GIVEN RECORDS:
============

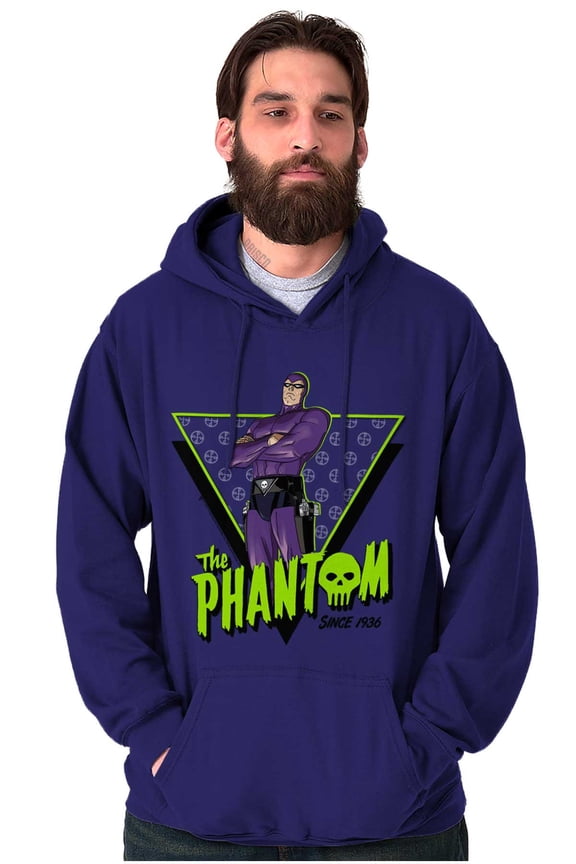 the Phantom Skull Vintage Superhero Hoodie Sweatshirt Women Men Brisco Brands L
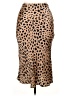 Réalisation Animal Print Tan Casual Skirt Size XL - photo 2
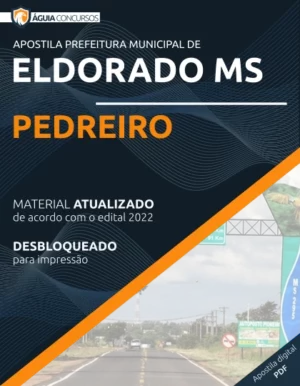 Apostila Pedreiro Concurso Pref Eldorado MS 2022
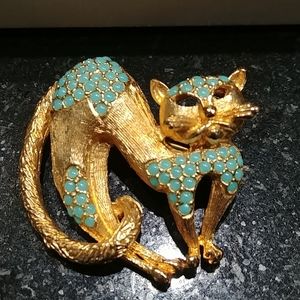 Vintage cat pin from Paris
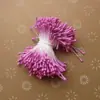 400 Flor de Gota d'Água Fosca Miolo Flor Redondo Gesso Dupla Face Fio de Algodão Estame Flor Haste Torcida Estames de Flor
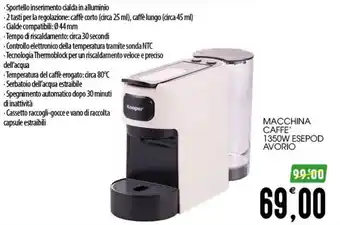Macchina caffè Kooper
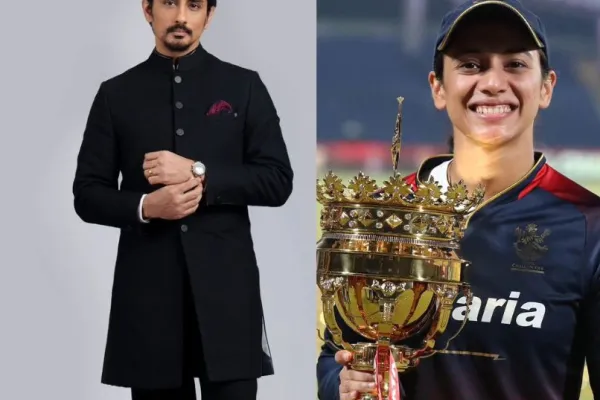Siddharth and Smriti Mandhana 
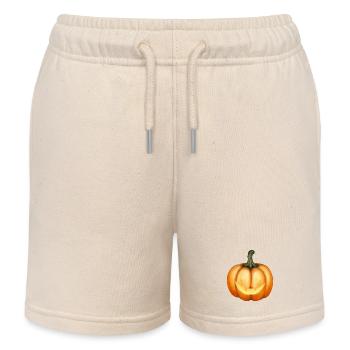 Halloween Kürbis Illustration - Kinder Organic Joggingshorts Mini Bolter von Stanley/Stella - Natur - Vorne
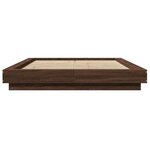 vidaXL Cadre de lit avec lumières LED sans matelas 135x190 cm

============

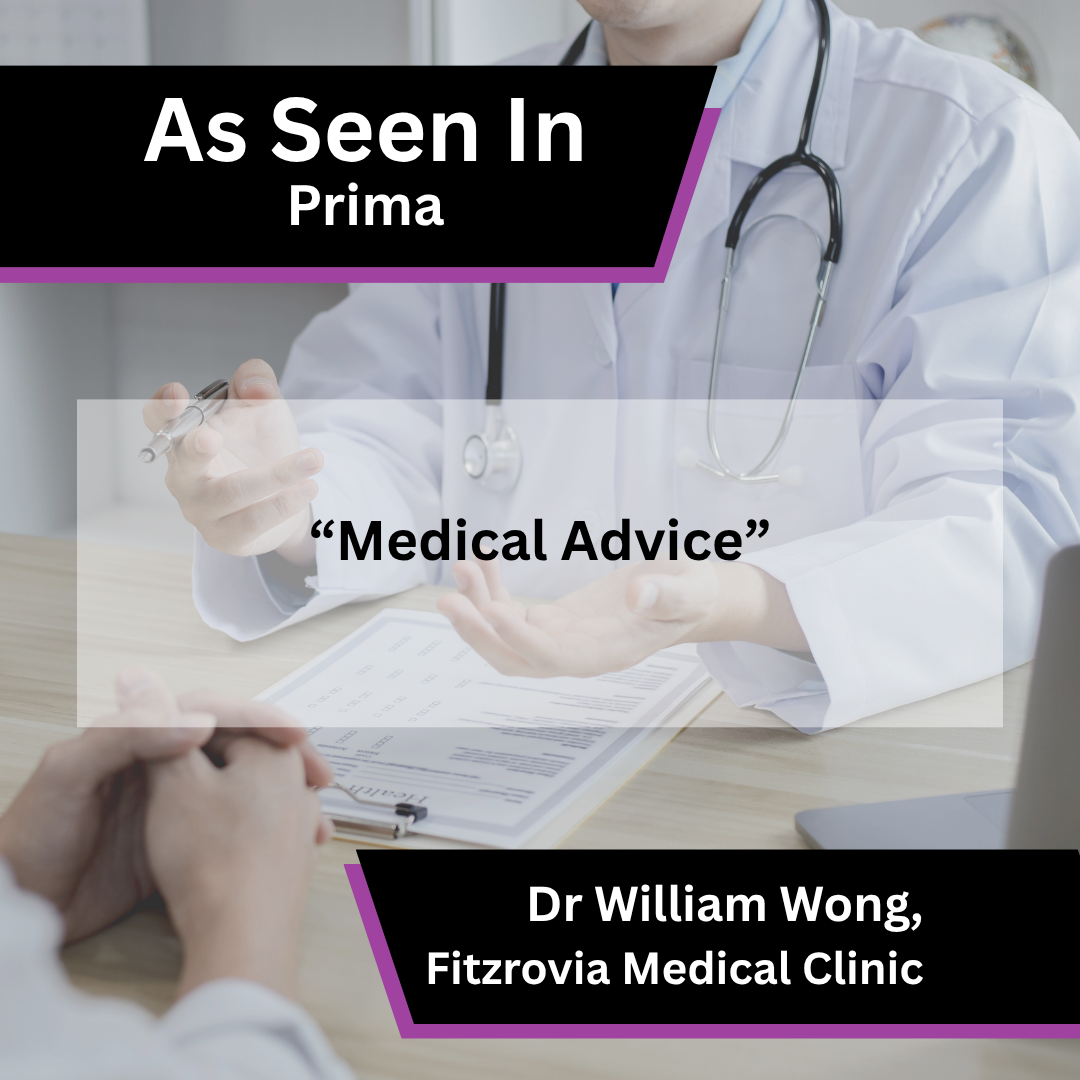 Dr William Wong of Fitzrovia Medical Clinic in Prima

============

DIRECTIONS FOR THIS TASK: In the listing above, find the line containing "Vintage cat pin from Paris" and the line containing "Siddharth and Smriti Mandhana", then output those two lines and everything between them exactly as written, without the images.

PROBLEM SOLUTION:
 Vintage cat pin from Paris
 400 Flor de Gota d'Água Fosca Miolo Flor Redondo Gesso Dupla Face Fio de Algodão Estame Flor Haste Torcida Estames de Flor
Macchina caffè Kooper
Siddharth and Smriti Mandhana 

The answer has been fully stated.